**Exercise details**
Could you copy word for word only the lines between the one containing "Obraz premium Soft" and the end of the listing below, both included, and leave out the pictures?

**Data for review**
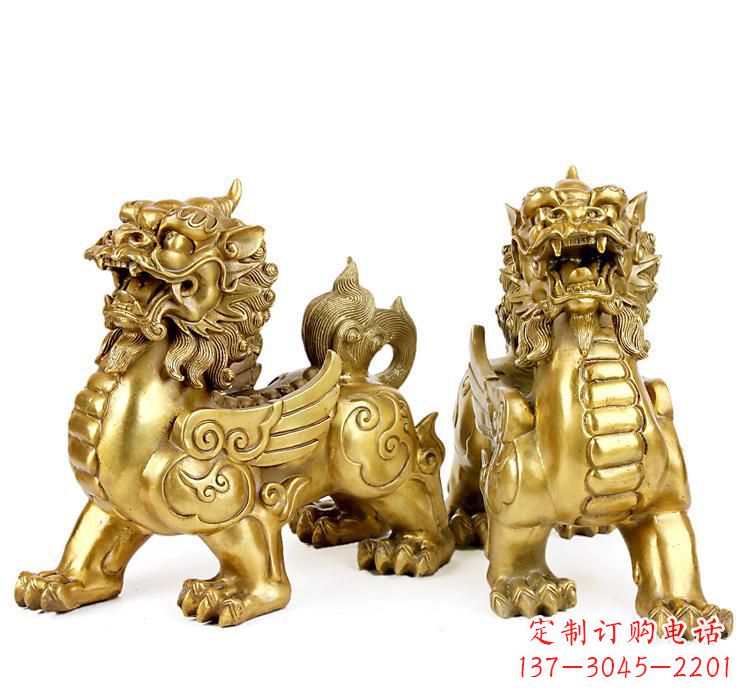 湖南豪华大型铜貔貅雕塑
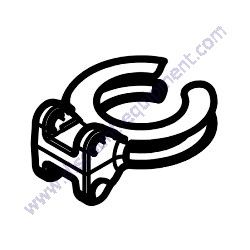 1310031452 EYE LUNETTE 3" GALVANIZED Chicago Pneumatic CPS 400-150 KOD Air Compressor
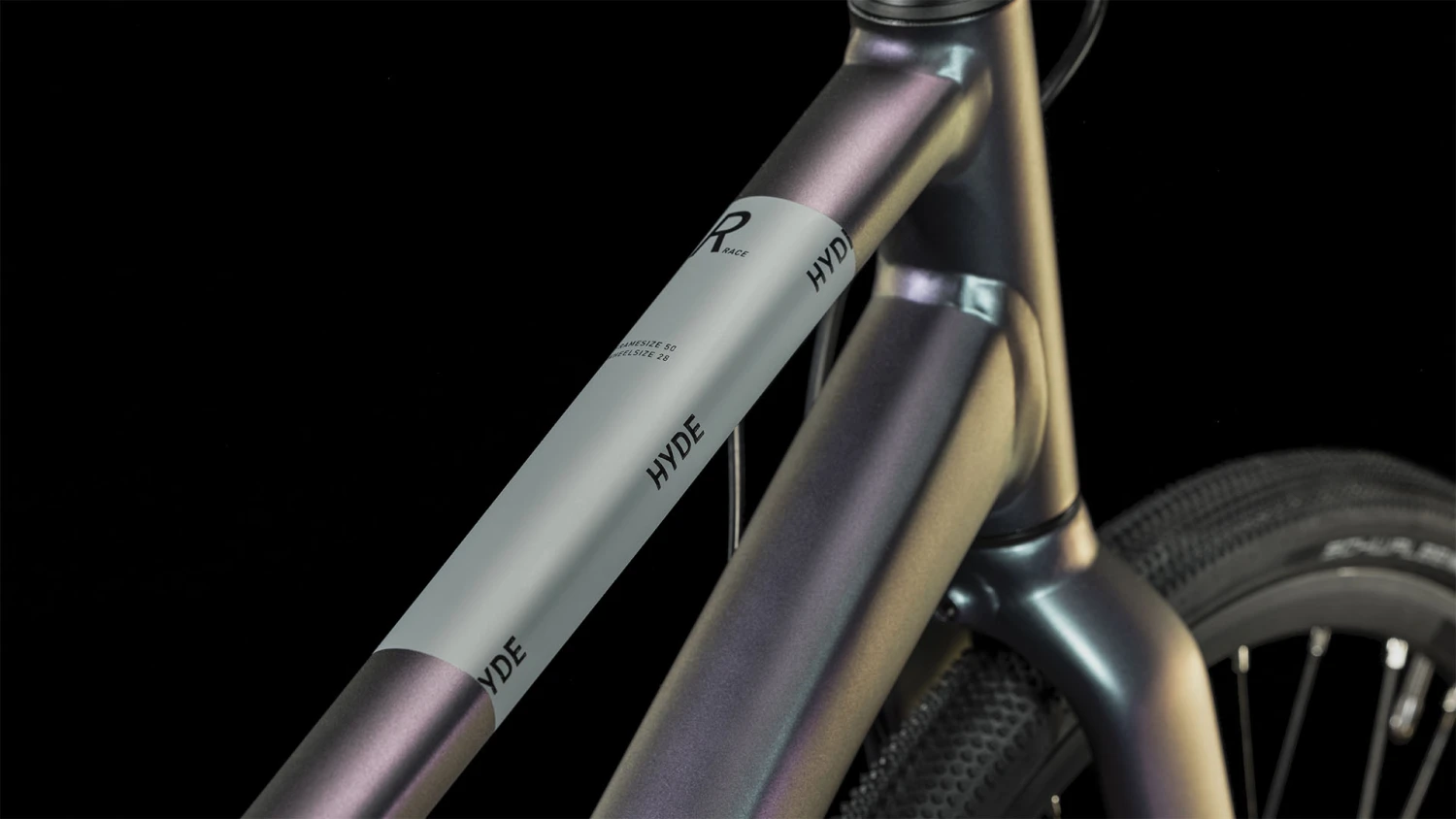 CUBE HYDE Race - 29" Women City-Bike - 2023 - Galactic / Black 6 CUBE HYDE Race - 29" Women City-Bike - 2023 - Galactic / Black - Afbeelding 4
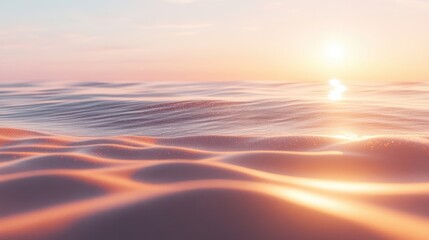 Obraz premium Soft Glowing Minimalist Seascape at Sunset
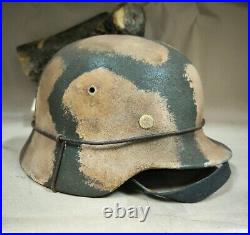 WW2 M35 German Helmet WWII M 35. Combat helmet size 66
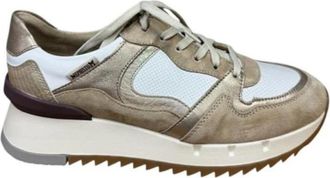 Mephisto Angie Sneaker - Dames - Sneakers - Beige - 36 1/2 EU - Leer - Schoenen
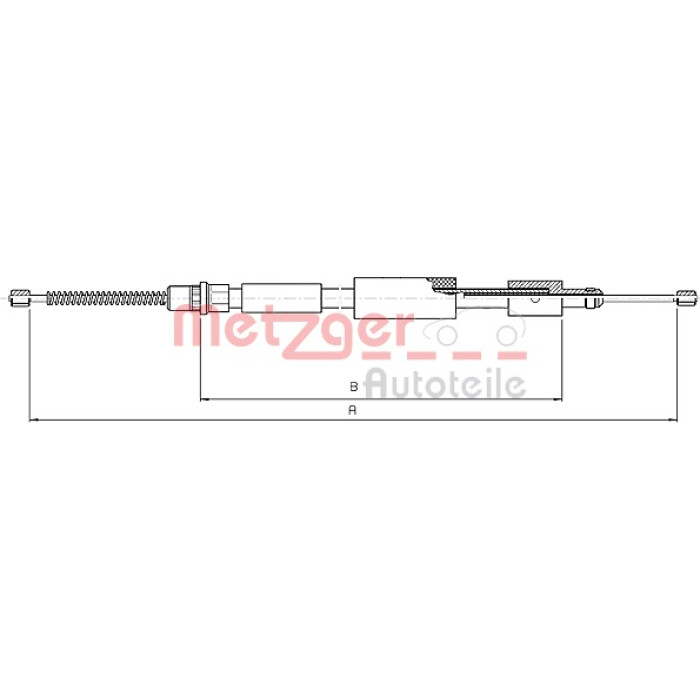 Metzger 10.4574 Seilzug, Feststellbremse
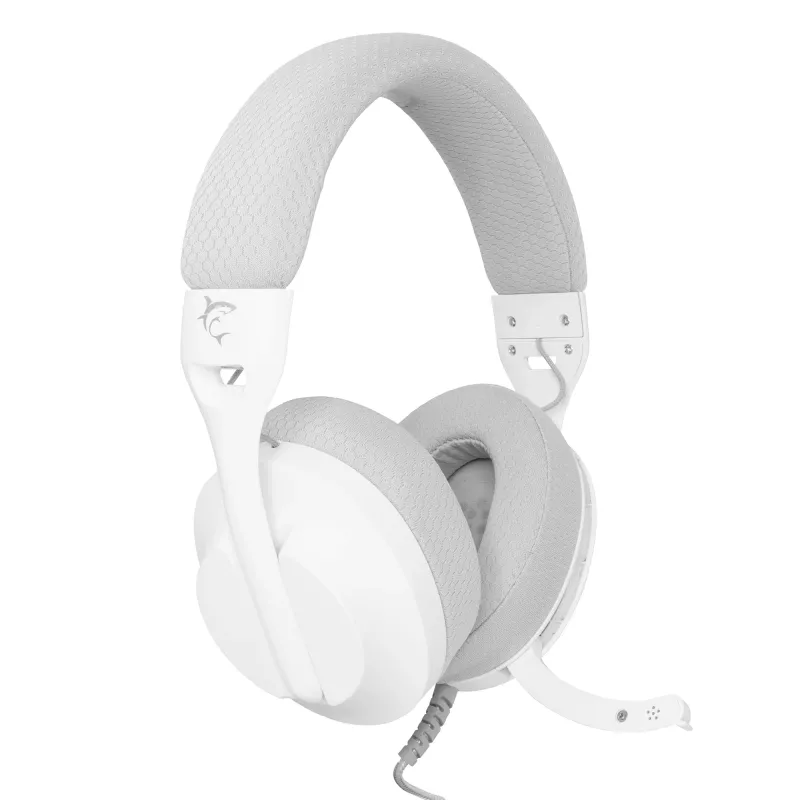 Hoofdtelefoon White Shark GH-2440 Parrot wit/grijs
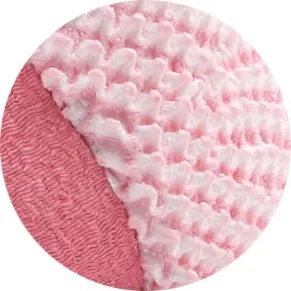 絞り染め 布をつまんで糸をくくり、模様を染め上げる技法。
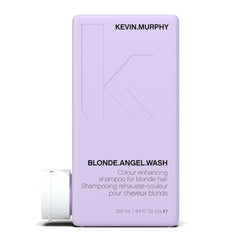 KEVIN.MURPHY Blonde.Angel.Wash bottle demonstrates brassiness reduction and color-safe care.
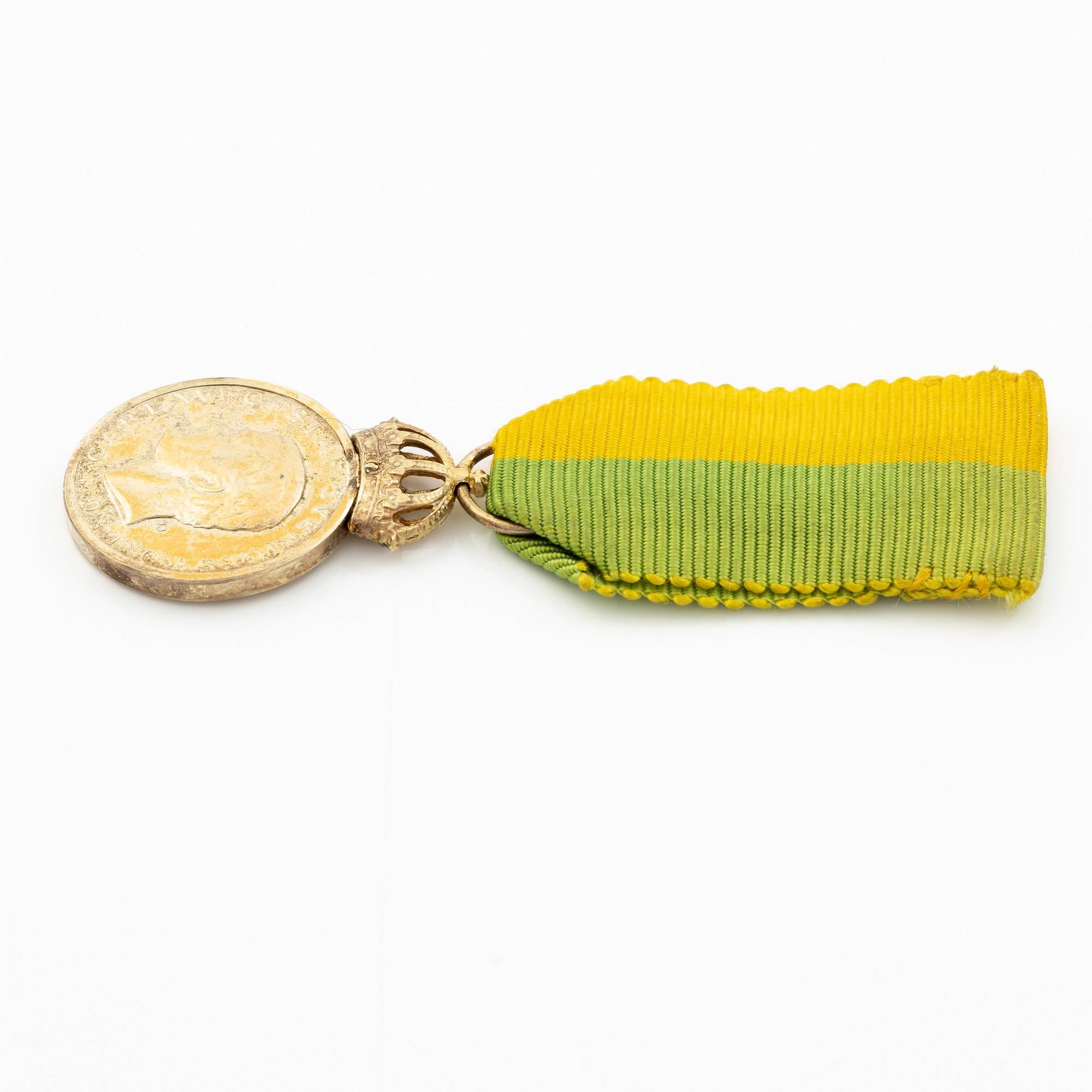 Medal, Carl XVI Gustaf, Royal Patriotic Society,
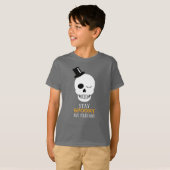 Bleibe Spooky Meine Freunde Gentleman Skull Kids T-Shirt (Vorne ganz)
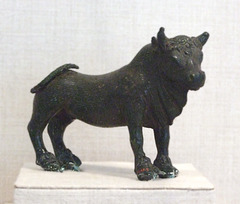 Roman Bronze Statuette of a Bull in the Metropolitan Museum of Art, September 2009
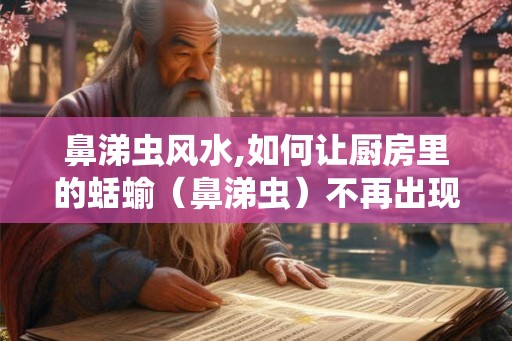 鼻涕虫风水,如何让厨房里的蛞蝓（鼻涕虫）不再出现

**Answer box**
 Obraz premium Soft Glowing Minimalist Seascape at Sunset
 WW2 M35 German Helmet WWII M 35. Combat helmet size 66
 Mephisto Angie Sneaker - Dames - Sneakers - Beige - 36 1/2 EU - Leer - Schoenen
 Metzger 10.4574 Seilzug, Feststellbremse
 Hoofdtelefoon White Shark GH-2440 Parrot wit/grijs
 絞り染め 布をつまんで糸をくくり、模様を染め上げる技法。
 KEVIN.MURPHY Blonde.Angel.Wash bottle demonstrates brassiness reduction and color-safe care.
 Medal, Carl XVI Gustaf, Royal Patriotic Society,
 Bleibe Spooky Meine Freunde Gentleman Skull Kids T-Shirt (Vorne ganz)
 Roman Bronze Statuette of a Bull in the Metropolitan Museum of Art, September 2009
 鼻涕虫风水,如何让厨房里的蛞蝓（鼻涕虫）不再出现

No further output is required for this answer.